Attività e allegati OB erano più alti sulla coltura del tessuto di plastica sui dischi β-TCP testato. Quando abbiamo valutato OCs, abbiamo osservato le differenze previste tra la risposta alla plastica e osso, che è il substrato fisiologico¹⁶. In confronto, osso e β-TCP indotto cambiamenti morfologici simili. L'enumerazione di dosaggio di trappola di OCs in risposta ai dischi del β-TCP ha mostrato che i numeri erano significativamente differenti tra fette di osso e β-TCP. Β-TCP ha indotto la differenziazione di OC superiore rispetto su fette di osso. Per la differenziazione di OC, trappola è un dosaggio ben consolidato. Non c'erano modifiche significative necessarie in questo metodo. Tuttavia, per ottenere i migliori risultati, è essenziale non Incubare le cellule per troppo tempo, o tutte le celle di origine monocytic diventerà TRAP-positivi.
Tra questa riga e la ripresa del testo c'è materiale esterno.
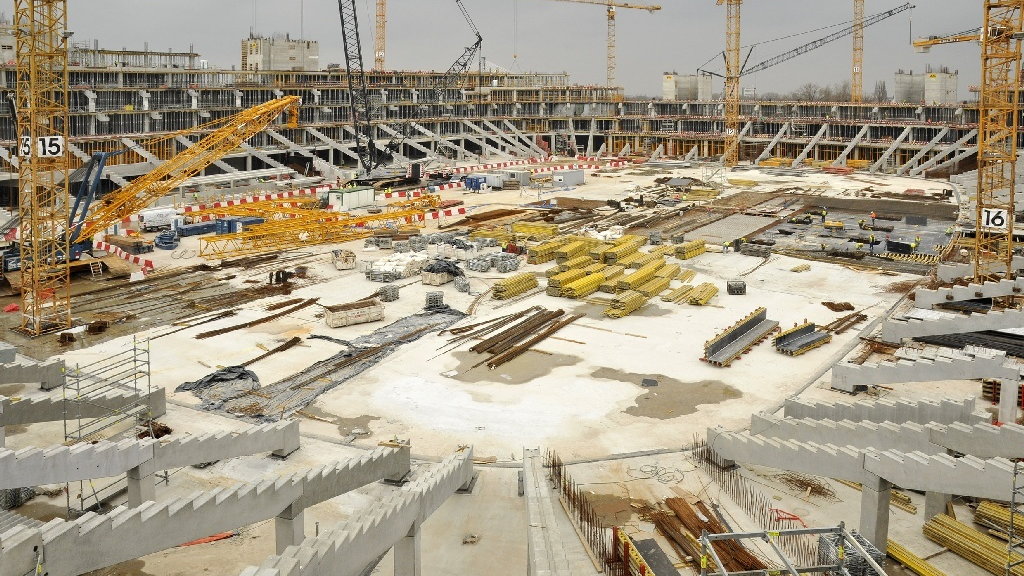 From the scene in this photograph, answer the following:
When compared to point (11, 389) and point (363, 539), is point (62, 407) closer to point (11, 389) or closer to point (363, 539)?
point (11, 389)

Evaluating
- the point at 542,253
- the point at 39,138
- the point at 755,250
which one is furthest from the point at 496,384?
the point at 755,250

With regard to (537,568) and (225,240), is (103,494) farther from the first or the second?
(225,240)

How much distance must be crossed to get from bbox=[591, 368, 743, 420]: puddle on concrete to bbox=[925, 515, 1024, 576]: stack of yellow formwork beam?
7641 mm

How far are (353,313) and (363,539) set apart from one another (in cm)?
1849

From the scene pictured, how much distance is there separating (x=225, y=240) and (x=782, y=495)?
32402 mm

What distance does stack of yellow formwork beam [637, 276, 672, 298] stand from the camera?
112ft

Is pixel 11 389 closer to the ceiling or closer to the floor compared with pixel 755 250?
closer to the floor

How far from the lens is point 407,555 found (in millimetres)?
14609

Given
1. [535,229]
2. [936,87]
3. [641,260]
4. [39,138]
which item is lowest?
[641,260]

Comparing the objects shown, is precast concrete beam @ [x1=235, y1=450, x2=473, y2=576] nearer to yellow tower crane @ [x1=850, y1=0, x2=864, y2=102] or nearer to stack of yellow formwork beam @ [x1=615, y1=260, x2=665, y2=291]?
stack of yellow formwork beam @ [x1=615, y1=260, x2=665, y2=291]

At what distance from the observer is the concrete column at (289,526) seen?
49.1 feet

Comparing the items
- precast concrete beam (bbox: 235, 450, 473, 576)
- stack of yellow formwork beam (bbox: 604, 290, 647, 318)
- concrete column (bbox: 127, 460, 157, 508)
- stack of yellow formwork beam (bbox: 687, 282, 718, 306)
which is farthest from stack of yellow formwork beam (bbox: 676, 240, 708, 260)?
concrete column (bbox: 127, 460, 157, 508)

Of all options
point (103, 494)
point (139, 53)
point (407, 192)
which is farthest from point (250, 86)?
point (103, 494)

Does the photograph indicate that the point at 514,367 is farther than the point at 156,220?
No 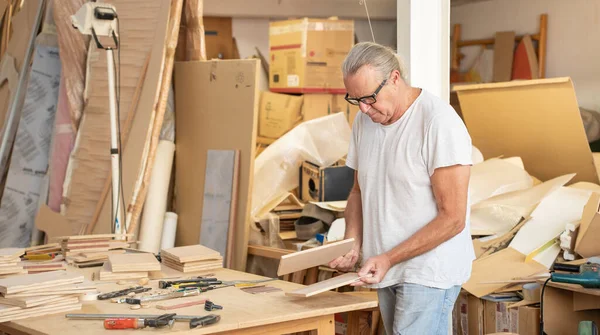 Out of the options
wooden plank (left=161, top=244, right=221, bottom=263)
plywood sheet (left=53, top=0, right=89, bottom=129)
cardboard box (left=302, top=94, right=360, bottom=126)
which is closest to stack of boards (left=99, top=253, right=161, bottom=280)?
wooden plank (left=161, top=244, right=221, bottom=263)

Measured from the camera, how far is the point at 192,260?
3400 millimetres

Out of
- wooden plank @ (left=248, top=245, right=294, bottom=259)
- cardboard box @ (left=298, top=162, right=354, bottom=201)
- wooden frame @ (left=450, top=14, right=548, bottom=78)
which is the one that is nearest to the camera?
wooden plank @ (left=248, top=245, right=294, bottom=259)

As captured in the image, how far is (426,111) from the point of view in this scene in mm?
2641

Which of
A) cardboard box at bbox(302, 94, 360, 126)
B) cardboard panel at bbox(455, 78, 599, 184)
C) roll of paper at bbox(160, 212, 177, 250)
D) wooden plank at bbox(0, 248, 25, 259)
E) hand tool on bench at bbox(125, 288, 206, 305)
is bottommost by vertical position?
hand tool on bench at bbox(125, 288, 206, 305)

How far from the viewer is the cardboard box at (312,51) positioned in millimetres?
6570

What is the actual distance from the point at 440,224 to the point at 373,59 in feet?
1.88

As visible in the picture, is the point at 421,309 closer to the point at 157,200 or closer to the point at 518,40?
the point at 157,200

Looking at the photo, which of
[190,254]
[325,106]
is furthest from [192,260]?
[325,106]

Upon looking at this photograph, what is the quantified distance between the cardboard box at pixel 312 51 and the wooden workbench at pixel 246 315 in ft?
12.9

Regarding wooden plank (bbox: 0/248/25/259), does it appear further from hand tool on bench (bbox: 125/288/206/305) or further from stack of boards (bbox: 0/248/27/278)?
hand tool on bench (bbox: 125/288/206/305)

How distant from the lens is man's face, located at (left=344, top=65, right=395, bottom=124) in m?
2.63

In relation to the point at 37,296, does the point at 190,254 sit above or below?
above

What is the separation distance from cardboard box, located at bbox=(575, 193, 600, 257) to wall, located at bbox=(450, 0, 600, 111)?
3755mm

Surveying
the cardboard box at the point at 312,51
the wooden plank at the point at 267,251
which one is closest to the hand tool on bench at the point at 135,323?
the wooden plank at the point at 267,251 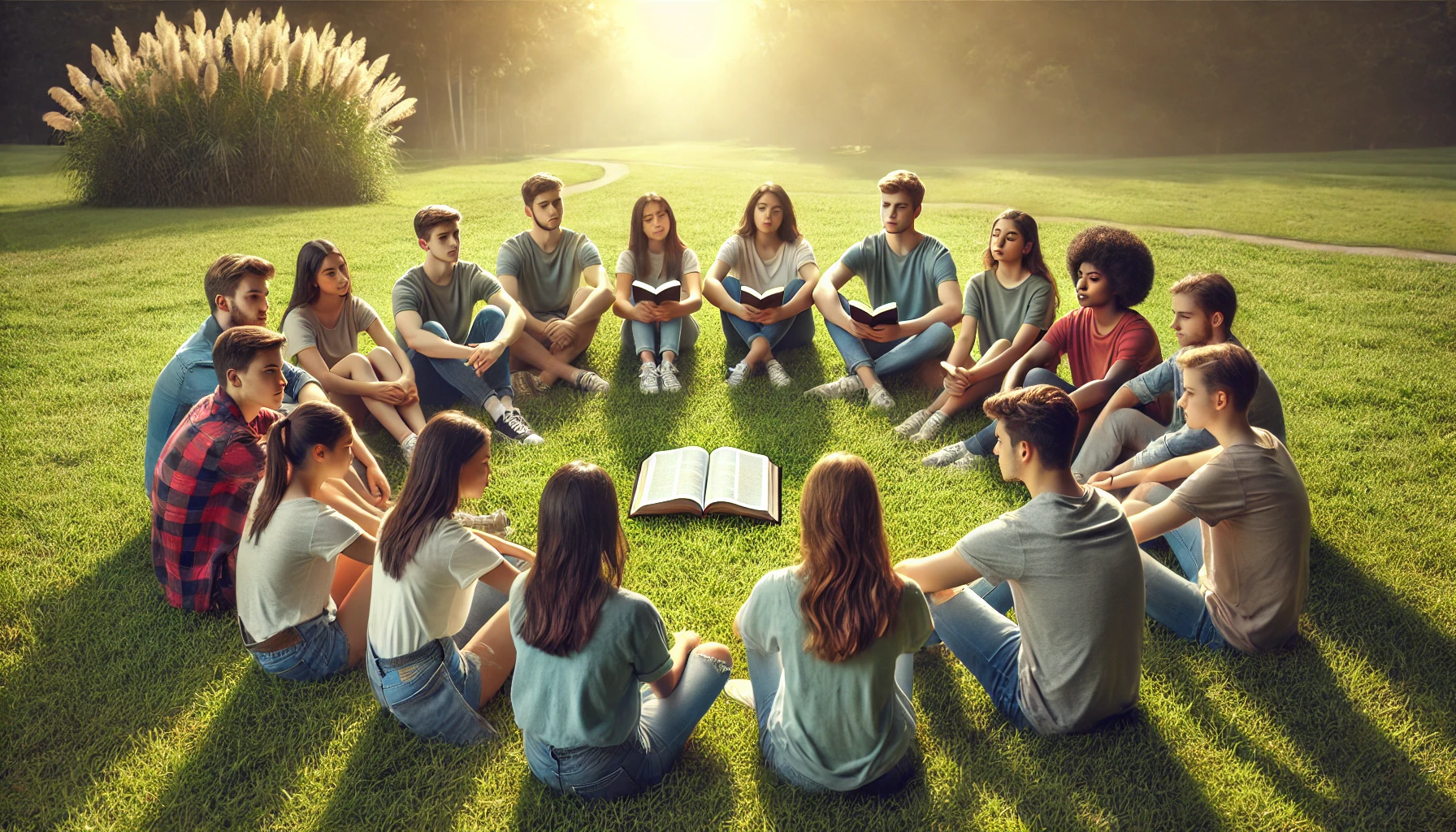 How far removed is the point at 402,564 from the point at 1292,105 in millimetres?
44391

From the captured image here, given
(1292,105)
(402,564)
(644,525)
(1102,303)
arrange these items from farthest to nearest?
(1292,105)
(1102,303)
(644,525)
(402,564)

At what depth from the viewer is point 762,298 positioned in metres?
6.73

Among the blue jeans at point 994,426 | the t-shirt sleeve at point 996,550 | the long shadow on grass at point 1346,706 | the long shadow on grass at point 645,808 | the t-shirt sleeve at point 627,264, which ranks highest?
the t-shirt sleeve at point 627,264

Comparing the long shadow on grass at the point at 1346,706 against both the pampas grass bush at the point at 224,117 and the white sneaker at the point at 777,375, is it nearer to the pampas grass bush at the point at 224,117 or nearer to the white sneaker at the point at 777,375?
the white sneaker at the point at 777,375

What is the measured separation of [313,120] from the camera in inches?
594

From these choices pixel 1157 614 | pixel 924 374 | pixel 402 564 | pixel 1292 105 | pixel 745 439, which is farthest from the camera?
pixel 1292 105

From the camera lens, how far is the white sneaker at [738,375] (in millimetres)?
6906

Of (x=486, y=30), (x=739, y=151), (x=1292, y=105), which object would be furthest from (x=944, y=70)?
(x=486, y=30)

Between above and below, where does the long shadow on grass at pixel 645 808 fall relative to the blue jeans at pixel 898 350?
below

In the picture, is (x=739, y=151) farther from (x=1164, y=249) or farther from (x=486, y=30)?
(x=1164, y=249)

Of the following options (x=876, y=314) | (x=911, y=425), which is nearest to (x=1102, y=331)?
(x=911, y=425)

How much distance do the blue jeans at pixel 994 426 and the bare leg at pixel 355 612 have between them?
3.55 metres

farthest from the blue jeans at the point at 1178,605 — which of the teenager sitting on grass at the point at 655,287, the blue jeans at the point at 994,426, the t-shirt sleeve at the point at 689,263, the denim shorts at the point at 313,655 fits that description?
the t-shirt sleeve at the point at 689,263

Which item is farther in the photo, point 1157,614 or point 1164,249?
point 1164,249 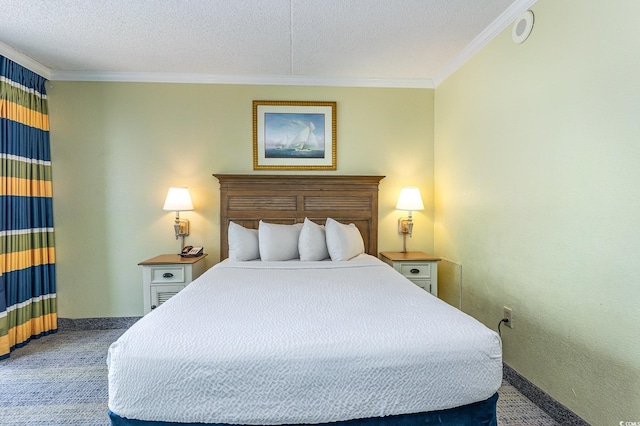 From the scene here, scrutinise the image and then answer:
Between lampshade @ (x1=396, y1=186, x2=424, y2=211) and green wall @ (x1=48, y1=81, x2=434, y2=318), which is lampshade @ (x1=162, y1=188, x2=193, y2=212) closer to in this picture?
green wall @ (x1=48, y1=81, x2=434, y2=318)

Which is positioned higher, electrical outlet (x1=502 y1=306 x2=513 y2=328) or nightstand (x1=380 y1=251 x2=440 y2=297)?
nightstand (x1=380 y1=251 x2=440 y2=297)

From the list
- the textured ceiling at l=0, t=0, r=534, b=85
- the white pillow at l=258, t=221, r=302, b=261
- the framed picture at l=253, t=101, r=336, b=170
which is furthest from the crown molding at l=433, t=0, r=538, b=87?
the white pillow at l=258, t=221, r=302, b=261

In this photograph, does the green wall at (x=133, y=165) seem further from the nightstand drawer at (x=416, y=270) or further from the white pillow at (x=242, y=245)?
the nightstand drawer at (x=416, y=270)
Indirizzare la risposta in vivo , abbiamo usato il β-TCP/C schiuma come un biomateriale esemplare perché contiene β-TCP, che è stato utilizzato nel test in vitro e collagene e promuove¹³di guarigione ossea. Anche se β-TCP/C schiuma è commercialmente disponibile ed usata clinicamente per osso riparazione^17,18, è solo uno dei diversi tipi di materiali che sarebbero interessanti studiare, ad es., (calcio fosfato bifasico idrossiapatite/β-TCP) anche come demineralizzato dell'osso umano in queste analisi per determinare le risposte biologiche come differiscono tra materiali. Per la risposta in vivo , abbiamo impiantato β-TCP/C schiuma in un difetto critico dimensioni osso calvarial in topi e 12 settimane più successivamente valutata istologia ed hanno evidenziato differenze rispetto ai comandi finti. È anche possibile valutare le risposte con microCT che fornisce informazioni gratuiti¹⁹. Il difetto nei topi di controllo sham ha avuto nessuna formazione significativa dell'osso, come previsto, mentre β-TCP/C schiuma ha indotto una risposta infiammatoria, la fibrosi e l'angiogenesi, che è la prova della fase in anticipo di formazione dell'osso. Questo metodo è stato dimostrato in precedenza in JOVE²⁰. Tuttavia, il nostro approccio ha differito da in quanto abbiamo usato una tecnica modificata "ascensore" con un scollaperiostio per ridurre il rischio di ferire il mater di dura dal trephine. Abbiamo ragionato che il mater di dura svolge un ruolo significativo nel processo di guarigione dei difetti calvarial producendo cellule osteogeniche e osteoinduttive fattori^3,21,22,23. In particolare, il materiale impiantato, le dimensioni del difetto e metodo per la creazione del difetto influenza la rigenerazione ossea di calvarial difetti. Un'altra modifica nella procedura ha coinvolto la stabilizzazione del biomateriale nel difetto calvarial con una colla di tessuto biocompatibile che ordinariamente è usato clinicamente per la chiusura della ferita. Questa modifica garantisce che il materiale nella zona di difetto non sarebbe essere spostato durante la guarigione.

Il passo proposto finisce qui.